Copy the lines below exactly, starting at the one with "Nike Sub Zero" and ending at the one with "Kirche des ehemaligen", and leave out any picture.
═════ Provided data ═════
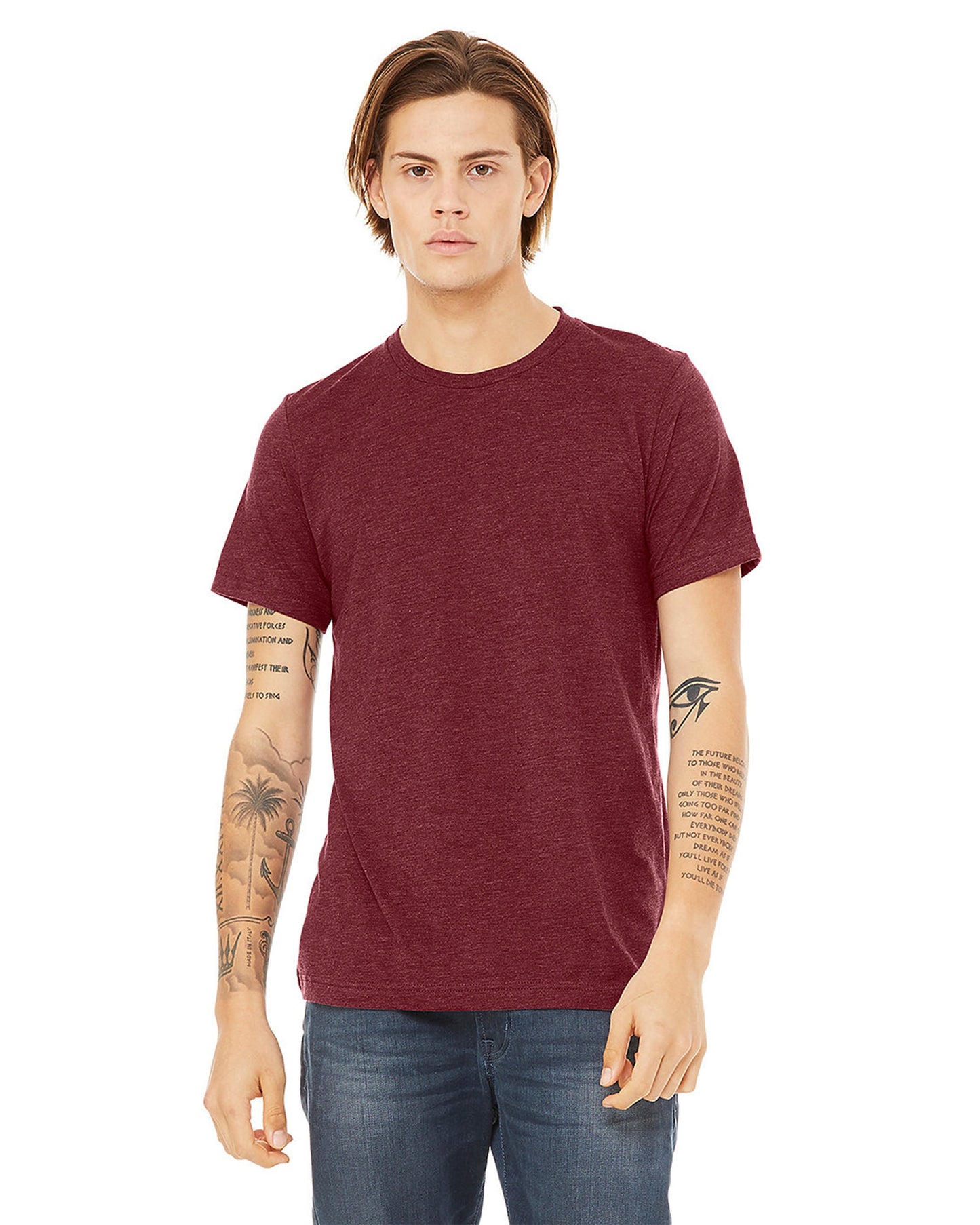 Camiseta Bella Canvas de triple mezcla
═════
═════ Provided data ═════
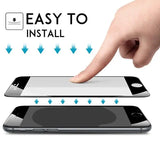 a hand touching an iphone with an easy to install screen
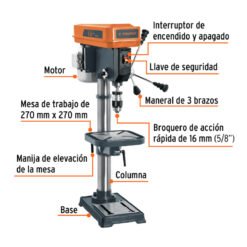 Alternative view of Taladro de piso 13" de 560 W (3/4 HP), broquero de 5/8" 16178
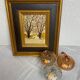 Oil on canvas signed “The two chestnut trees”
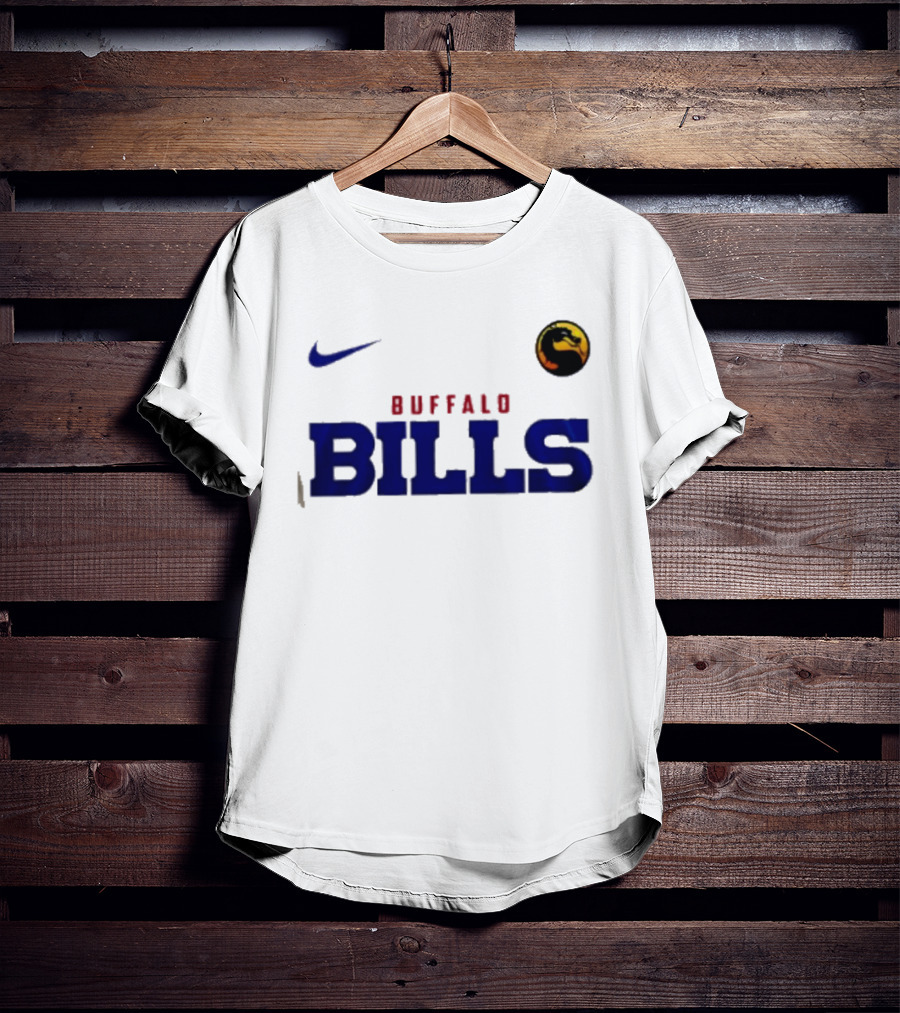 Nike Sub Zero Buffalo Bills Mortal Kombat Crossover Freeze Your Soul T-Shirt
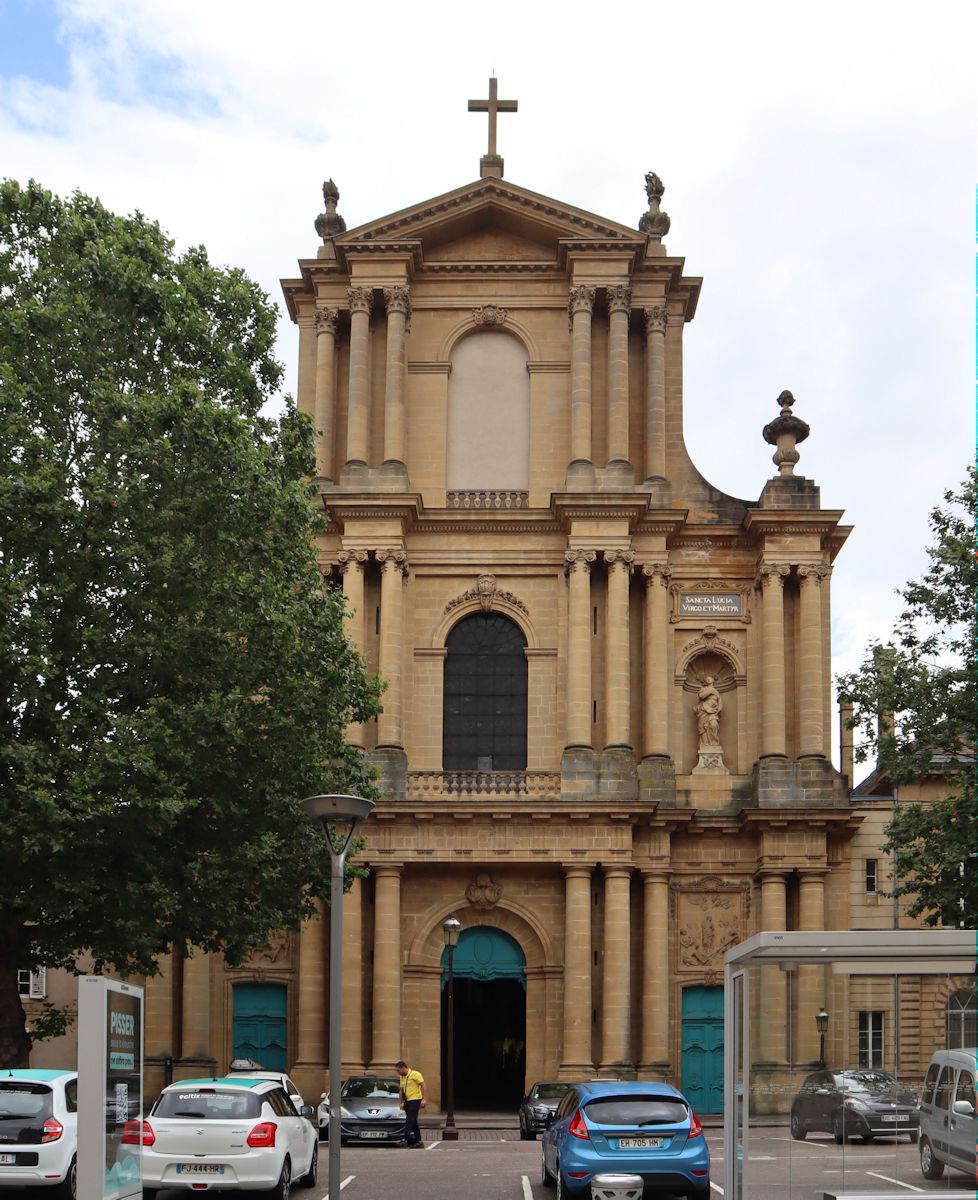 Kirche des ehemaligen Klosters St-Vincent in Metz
═════
- Output of the exercise -
 Nike Sub Zero Buffalo Bills Mortal Kombat Crossover Freeze Your Soul T-Shirt
 Kirche des ehemaligen Klosters St-Vincent in Metz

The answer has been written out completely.